SQL> select mydbadot mydba 2 , round(avg(keysize)) keysiz 3 , count(*) nkeys 4 from index_keys 5 where owner = 'SCOTT' 6 and name = 'EMPNO_PK' 7 and indexlevel = 0 8 group by mydbadot 9 ; MYDBA KEYSIZ NKEYS ------------ ---------- ---------- 1.24289 5 243 1.25104 5 28 2.2162 5 243 2.2163 5 243 2.2164 5 243 SQL> select mydbadot mydba 2 , round(avg(keysize)) keysiz 3 , round(avg(nonkeysize)) nonkeysiz 4 , count(*) nkeys 5 from iot_keys 6 where owner = 'SCOTT' 7 and name = 'EMPNOIOT_PK' 8 and indexlevel = 0 9 group by mydbadot 10 ; MYDBA KEYSIZ NONKEYSIZ NKEYS ------------ ---------- ---------- ---------- 1.23789 5 56 59 1.23790 5 57 58 1.23791 5 57 57 1.23792 5 57 57 1.23793 5 59 56 1.23794 5 59 56 1.23795 5 58 57 1.23796 5 58 56 1.23797 5 61 55 1.23798 5 57 57 1.23799 5 59 56 1.23800 5 59 56 1.23801 5 61 55 1.23802 5 61 55 1.23803 5 60 56 1.23804 5 61 54 1.23805 5 60 56 1.23806 5 57 44 18 rows selected.

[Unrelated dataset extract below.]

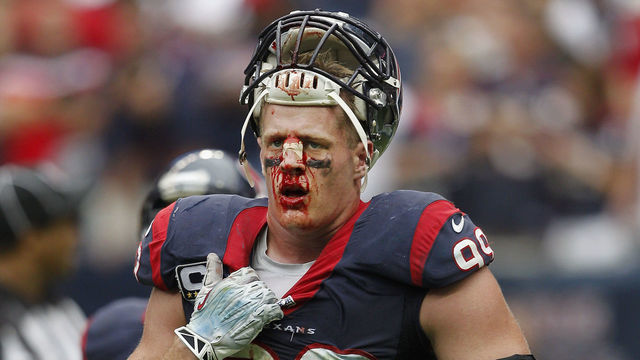 HOUSTON, TX - SEPTEMBER 29: J.J. Watt #99 of the Houston Texans walks off the field in the fourth quarter with a bloody face after reaggravating a cut on the bridge of his nose against the Seattle Seahawks at Reliant Stadium on September 29, 2013 in Houston, Texas.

Oracle packs 4 to 5 times as many keys per block in the standard B-tree/table implementation versus that of the IOT implementation. This will cause the IOT implementation to create a new index level 4-5 times sooner than that of the standard implementation. In fact, if the buffer cache was just the wrong size, the IOT implementation may need to perform two physical reads for this operation (one for the index leaf block and a second for the overflow table block). All this having been said, however, I would consider the increased size of an IOT index a "neutral" and would not be a significant downside for using IOTs.
We have seen some of the performance gains IOTs can bring to a system, but are there any downsides? The good news is that I have only been able to find one significant performance detriment to using IOTs. Unfortunately, it is such a detriment that it may make IOTs a non-option for your environment.
The only significant weakness of Oracle's IOT implementation (and I
believe this to be such a weakness as to be considered a bug) is that
Oracle does not store any column number information in the overflow
table. By this I mean that, taken alone, the row fragments stored in
the overflow table (e.g. the PHOTO column) do not contain
a column offset. The following two screen shots illustrate this lack
of column offset. The first screen shot is a complete block from the
overflow table (SYS_IOT_OVER_6671) containing three row
fragments. The second screen shot is a detailed look at one of the
fragments, confirming that no column offset is stored in the header of
the row (only flag, ITL number, and column count).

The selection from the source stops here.